Assignment: The full set of records below is to be reproduced without a single alteration.

━━━ Input data ━━━

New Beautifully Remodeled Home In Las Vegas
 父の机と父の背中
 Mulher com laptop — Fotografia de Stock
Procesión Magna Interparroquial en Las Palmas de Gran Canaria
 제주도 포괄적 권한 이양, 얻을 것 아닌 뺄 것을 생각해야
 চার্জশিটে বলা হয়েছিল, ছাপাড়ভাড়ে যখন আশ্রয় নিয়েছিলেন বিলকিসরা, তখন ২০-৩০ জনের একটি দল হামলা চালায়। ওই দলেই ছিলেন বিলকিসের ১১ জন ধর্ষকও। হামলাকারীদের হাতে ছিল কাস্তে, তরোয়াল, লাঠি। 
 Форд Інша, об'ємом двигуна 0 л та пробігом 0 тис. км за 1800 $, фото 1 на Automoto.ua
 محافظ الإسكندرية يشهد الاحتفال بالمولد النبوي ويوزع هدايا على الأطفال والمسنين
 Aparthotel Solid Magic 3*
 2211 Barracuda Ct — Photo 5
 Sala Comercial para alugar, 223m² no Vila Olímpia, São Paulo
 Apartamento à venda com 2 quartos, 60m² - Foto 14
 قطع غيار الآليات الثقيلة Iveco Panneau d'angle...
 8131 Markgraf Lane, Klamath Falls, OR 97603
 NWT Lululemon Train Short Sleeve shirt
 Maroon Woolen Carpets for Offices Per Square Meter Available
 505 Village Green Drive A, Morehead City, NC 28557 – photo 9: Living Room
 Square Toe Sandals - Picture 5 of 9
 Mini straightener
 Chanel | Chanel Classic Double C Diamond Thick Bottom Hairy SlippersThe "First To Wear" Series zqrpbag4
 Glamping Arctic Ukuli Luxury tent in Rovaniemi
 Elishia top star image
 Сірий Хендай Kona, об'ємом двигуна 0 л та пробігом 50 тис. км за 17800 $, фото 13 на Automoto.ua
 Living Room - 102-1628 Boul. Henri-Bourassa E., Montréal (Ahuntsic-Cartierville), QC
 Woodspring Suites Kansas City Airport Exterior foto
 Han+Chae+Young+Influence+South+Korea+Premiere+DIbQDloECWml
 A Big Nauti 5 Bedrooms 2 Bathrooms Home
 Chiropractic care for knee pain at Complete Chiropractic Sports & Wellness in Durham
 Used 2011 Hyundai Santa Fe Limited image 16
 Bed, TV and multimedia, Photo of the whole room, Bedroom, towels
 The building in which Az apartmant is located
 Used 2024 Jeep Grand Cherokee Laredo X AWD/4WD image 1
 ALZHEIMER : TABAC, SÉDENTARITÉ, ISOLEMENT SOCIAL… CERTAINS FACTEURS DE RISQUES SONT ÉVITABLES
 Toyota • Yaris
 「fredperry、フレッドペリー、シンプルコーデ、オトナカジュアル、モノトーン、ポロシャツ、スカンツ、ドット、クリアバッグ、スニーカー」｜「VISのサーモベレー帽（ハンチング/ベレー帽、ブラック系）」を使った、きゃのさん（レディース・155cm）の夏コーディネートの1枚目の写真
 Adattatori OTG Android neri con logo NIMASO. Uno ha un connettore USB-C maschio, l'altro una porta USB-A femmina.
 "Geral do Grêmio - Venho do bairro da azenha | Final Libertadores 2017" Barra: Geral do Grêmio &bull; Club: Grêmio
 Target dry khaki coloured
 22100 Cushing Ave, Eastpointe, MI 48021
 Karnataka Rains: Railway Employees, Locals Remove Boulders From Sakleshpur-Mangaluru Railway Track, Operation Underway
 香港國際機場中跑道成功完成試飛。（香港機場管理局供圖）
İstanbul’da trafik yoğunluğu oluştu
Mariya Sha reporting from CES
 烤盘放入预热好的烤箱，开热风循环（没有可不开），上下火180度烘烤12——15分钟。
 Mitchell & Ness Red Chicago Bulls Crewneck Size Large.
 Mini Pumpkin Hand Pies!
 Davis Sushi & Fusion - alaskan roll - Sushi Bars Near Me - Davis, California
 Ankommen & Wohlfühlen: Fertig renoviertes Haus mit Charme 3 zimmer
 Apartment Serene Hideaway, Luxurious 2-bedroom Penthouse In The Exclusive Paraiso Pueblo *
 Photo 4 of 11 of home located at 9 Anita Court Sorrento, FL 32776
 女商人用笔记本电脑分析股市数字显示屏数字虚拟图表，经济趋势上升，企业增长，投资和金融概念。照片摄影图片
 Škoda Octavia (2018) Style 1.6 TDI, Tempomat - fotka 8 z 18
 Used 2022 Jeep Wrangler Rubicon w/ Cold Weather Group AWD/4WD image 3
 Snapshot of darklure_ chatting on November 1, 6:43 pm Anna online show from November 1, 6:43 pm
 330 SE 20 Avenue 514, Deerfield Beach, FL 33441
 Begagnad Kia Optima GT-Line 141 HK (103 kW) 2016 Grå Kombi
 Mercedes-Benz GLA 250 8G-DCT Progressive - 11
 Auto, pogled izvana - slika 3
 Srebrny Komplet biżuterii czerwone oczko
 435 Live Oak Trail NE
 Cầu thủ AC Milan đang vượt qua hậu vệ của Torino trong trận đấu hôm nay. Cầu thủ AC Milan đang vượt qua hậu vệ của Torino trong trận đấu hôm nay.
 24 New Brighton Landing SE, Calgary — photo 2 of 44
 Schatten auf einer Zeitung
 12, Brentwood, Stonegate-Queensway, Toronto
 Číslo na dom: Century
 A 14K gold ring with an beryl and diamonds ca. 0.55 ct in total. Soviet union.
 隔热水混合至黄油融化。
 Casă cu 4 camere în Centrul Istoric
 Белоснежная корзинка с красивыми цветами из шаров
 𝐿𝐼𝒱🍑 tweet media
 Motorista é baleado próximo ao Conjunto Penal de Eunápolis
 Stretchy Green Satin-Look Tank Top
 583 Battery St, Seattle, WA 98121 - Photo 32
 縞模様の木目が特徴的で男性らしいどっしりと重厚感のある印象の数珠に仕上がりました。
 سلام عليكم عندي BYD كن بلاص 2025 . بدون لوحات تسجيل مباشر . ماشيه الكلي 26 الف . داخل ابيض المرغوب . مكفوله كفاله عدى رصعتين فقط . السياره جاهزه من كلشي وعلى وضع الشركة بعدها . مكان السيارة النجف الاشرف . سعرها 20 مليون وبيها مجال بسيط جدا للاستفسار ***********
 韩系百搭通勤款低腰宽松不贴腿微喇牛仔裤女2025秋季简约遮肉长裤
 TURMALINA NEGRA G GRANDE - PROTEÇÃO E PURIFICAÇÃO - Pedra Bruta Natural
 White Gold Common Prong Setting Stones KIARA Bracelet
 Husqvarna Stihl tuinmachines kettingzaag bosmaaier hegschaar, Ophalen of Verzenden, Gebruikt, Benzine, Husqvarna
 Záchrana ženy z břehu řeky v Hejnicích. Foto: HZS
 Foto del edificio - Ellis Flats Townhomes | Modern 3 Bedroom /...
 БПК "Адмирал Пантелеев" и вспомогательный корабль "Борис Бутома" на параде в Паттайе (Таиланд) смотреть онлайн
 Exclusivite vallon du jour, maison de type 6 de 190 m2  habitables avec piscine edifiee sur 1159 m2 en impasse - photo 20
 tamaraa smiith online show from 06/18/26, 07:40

━━━

Answer to the exercise:
New Beautifully Remodeled Home In Las Vegas
 父の机と父の背中
 Mulher com laptop — Fotografia de Stock
Procesión Magna Interparroquial en Las Palmas de Gran Canaria
 제주도 포괄적 권한 이양, 얻을 것 아닌 뺄 것을 생각해야
 চার্জশিটে বলা হয়েছিল, ছাপাড়ভাড়ে যখন আশ্রয় নিয়েছিলেন বিলকিসরা, তখন ২০-৩০ জনের একটি দল হামলা চালায়। ওই দলেই ছিলেন বিলকিসের ১১ জন ধর্ষকও। হামলাকারীদের হাতে ছিল কাস্তে, তরোয়াল, লাঠি। 
 Форд Інша, об'ємом двигуна 0 л та пробігом 0 тис. км за 1800 $, фото 1 на Automoto.ua
 محافظ الإسكندرية يشهد الاحتفال بالمولد النبوي ويوزع هدايا على الأطفال والمسنين
 Aparthotel Solid Magic 3*
 2211 Barracuda Ct — Photo 5
 Sala Comercial para alugar, 223m² no Vila Olímpia, São Paulo
 Apartamento à venda com 2 quartos, 60m² - Foto 14
 قطع غيار الآليات الثقيلة Iveco Panneau d'angle...
 8131 Markgraf Lane, Klamath Falls, OR 97603
 NWT Lululemon Train Short Sleeve shirt
 Maroon Woolen Carpets for Offices Per Square Meter Available
 505 Village Green Drive A, Morehead City, NC 28557 – photo 9: Living Room
 Square Toe Sandals - Picture 5 of 9
 Mini straightener
 Chanel | Chanel Classic Double C Diamond Thick Bottom Hairy SlippersThe "First To Wear" Series zqrpbag4
 Glamping Arctic Ukuli Luxury tent in Rovaniemi
 Elishia top star image
 Сірий Хендай Kona, об'ємом двигуна 0 л та пробігом 50 тис. км за 17800 $, фото 13 на Automoto.ua
 Living Room - 102-1628 Boul. Henri-Bourassa E., Montréal (Ahuntsic-Cartierville), QC
 Woodspring Suites Kansas City Airport Exterior foto
 Han+Chae+Young+Influence+South+Korea+Premiere+DIbQDloECWml
 A Big Nauti 5 Bedrooms 2 Bathrooms Home
 Chiropractic care for knee pain at Complete Chiropractic Sports & Wellness in Durham
 Used 2011 Hyundai Santa Fe Limited image 16
 Bed, TV and multimedia, Photo of the whole room, Bedroom, towels
 The building in which Az apartmant is located
 Used 2024 Jeep Grand Cherokee Laredo X AWD/4WD image 1
 ALZHEIMER : TABAC, SÉDENTARITÉ, ISOLEMENT SOCIAL… CERTAINS FACTEURS DE RISQUES SONT ÉVITABLES
 Toyota • Yaris
 「fredperry、フレッドペリー、シンプルコーデ、オトナカジュアル、モノトーン、ポロシャツ、スカンツ、ドット、クリアバッグ、スニーカー」｜「VISのサーモベレー帽（ハンチング/ベレー帽、ブラック系）」を使った、きゃのさん（レディース・155cm）の夏コーディネートの1枚目の写真
 Adattatori OTG Android neri con logo NIMASO. Uno ha un connettore USB-C maschio, l'altro una porta USB-A femmina.
 "Geral do Grêmio - Venho do bairro da azenha | Final Libertadores 2017" Barra: Geral do Grêmio &bull; Club: Grêmio
 Target dry khaki coloured
 22100 Cushing Ave, Eastpointe, MI 48021
 Karnataka Rains: Railway Employees, Locals Remove Boulders From Sakleshpur-Mangaluru Railway Track, Operation Underway
 香港國際機場中跑道成功完成試飛。（香港機場管理局供圖）
İstanbul’da trafik yoğunluğu oluştu
Mariya Sha reporting from CES
 烤盘放入预热好的烤箱，开热风循环（没有可不开），上下火180度烘烤12——15分钟。
 Mitchell & Ness Red Chicago Bulls Crewneck Size Large.
 Mini Pumpkin Hand Pies!
 Davis Sushi & Fusion - alaskan roll - Sushi Bars Near Me - Davis, California
 Ankommen & Wohlfühlen: Fertig renoviertes Haus mit Charme 3 zimmer
 Apartment Serene Hideaway, Luxurious 2-bedroom Penthouse In The Exclusive Paraiso Pueblo *
 Photo 4 of 11 of home located at 9 Anita Court Sorrento, FL 32776
 女商人用笔记本电脑分析股市数字显示屏数字虚拟图表，经济趋势上升，企业增长，投资和金融概念。照片摄影图片
 Škoda Octavia (2018) Style 1.6 TDI, Tempomat - fotka 8 z 18
 Used 2022 Jeep Wrangler Rubicon w/ Cold Weather Group AWD/4WD image 3
 Snapshot of darklure_ chatting on November 1, 6:43 pm Anna online show from November 1, 6:43 pm
 330 SE 20 Avenue 514, Deerfield Beach, FL 33441
 Begagnad Kia Optima GT-Line 141 HK (103 kW) 2016 Grå Kombi
 Mercedes-Benz GLA 250 8G-DCT Progressive - 11
 Auto, pogled izvana - slika 3
 Srebrny Komplet biżuterii czerwone oczko
 435 Live Oak Trail NE
 Cầu thủ AC Milan đang vượt qua hậu vệ của Torino trong trận đấu hôm nay. Cầu thủ AC Milan đang vượt qua hậu vệ của Torino trong trận đấu hôm nay.
 24 New Brighton Landing SE, Calgary — photo 2 of 44
 Schatten auf einer Zeitung
 12, Brentwood, Stonegate-Queensway, Toronto
 Číslo na dom: Century
 A 14K gold ring with an beryl and diamonds ca. 0.55 ct in total. Soviet union.
 隔热水混合至黄油融化。
 Casă cu 4 camere în Centrul Istoric
 Белоснежная корзинка с красивыми цветами из шаров
 𝐿𝐼𝒱🍑 tweet media
 Motorista é baleado próximo ao Conjunto Penal de Eunápolis
 Stretchy Green Satin-Look Tank Top
 583 Battery St, Seattle, WA 98121 - Photo 32
 縞模様の木目が特徴的で男性らしいどっしりと重厚感のある印象の数珠に仕上がりました。
 سلام عليكم عندي BYD كن بلاص 2025 . بدون لوحات تسجيل مباشر . ماشيه الكلي 26 الف . داخل ابيض المرغوب . مكفوله كفاله عدى رصعتين فقط . السياره جاهزه من كلشي وعلى وضع الشركة بعدها . مكان السيارة النجف الاشرف . سعرها 20 مليون وبيها مجال بسيط جدا للاستفسار ***********
 韩系百搭通勤款低腰宽松不贴腿微喇牛仔裤女2025秋季简约遮肉长裤
 TURMALINA NEGRA G GRANDE - PROTEÇÃO E PURIFICAÇÃO - Pedra Bruta Natural
 White Gold Common Prong Setting Stones KIARA Bracelet
 Husqvarna Stihl tuinmachines kettingzaag bosmaaier hegschaar, Ophalen of Verzenden, Gebruikt, Benzine, Husqvarna
 Záchrana ženy z břehu řeky v Hejnicích. Foto: HZS
 Foto del edificio - Ellis Flats Townhomes | Modern 3 Bedroom /...
 БПК "Адмирал Пантелеев" и вспомогательный корабль "Борис Бутома" на параде в Паттайе (Таиланд) смотреть онлайн
 Exclusivite vallon du jour, maison de type 6 de 190 m2  habitables avec piscine edifiee sur 1159 m2 en impasse - photo 20
 tamaraa smiith online show from 06/18/26, 07:40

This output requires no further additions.